9. Wind#
While floating and submerged tunnels are primarily influenced by hydrodynamic forcing, the aerodynamic environment can play a critical, dual role in their design. First, wind acts on the surface components (pontoons, towers, and bridge girders), creating static and dynamic loads. Second, wind is the driving force behind wave generation; understanding the wind field is essential for predicting the “fetch-limited” sea states described in the JONSWAP spectrum (see Section Waves).
9.1. Mean Wind Speed and Profile (\(U_z\))#
Wind speed is not uniform in the vertical direction; it increases with height above the sea surface. This variation is caused by the friction between the moving air and the water surface.

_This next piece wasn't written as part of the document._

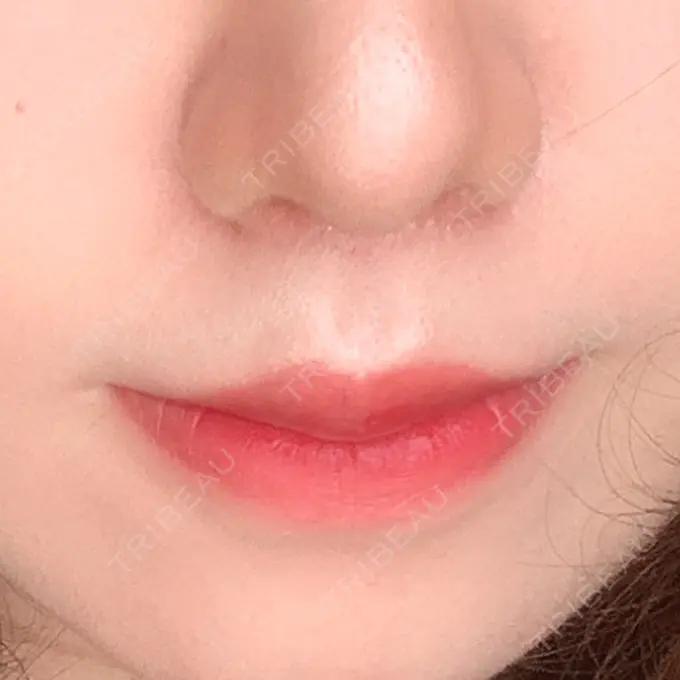 人中短縮 / ボトックス（口角） 新宿ラクル美容外科クリニック 新宿院 AFTER メイン用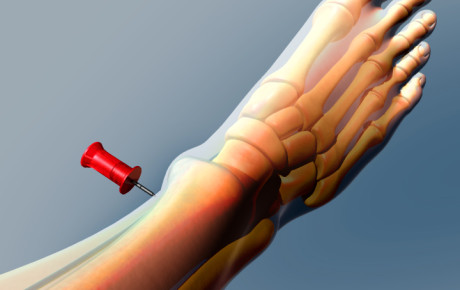 IO Needle Insertion, Medical Animation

The reference wind speed is traditionally defined at a standard height of 10 meters (\(U_{10}\)). However, structural components often extend well above or sit slightly below this level. To determine the design wind speed (\(U_z\)) at a specific elevation (\(z\)), engineers use mathematical models such as the Logarithmic Law or the Power Law. These models extrapolate the speed from the reference height, accounting for the “roughness” of the sea surface.
9.1.1. Why is the vertical profile important for floating structures?#
Assuming a constant wind speed across the entire height of a structure can lead to significant errors in design calculations. The vertical profile is particularly impactful for floating tunnel concepts for the following reasons:
Tall Surface Elements: Floating tunnels often feature ventilation towers, suspension pylons (if combined with a bridge), or high-freeboard pontoons. The top of a ventilation tower will experience significantly higher wind velocities than its base near the water.
Overturning Moments: Because wind speed—and therefore wind pressure—increases with height, the center of aerodynamic force is pushed upwards. This creates a larger lever arm, resulting in higher overturning moments that the floating foundation and mooring system must counteract.
Force Estimation on Pontoons: Even for low-profile pontoons, the wind speed very close to the water surface (where friction is highest) may be lower than \(U_{10}\). Using the correct profile ensures that drag forces on the hull are not overestimated, or conversely, that forces on superstructures are not underestimated.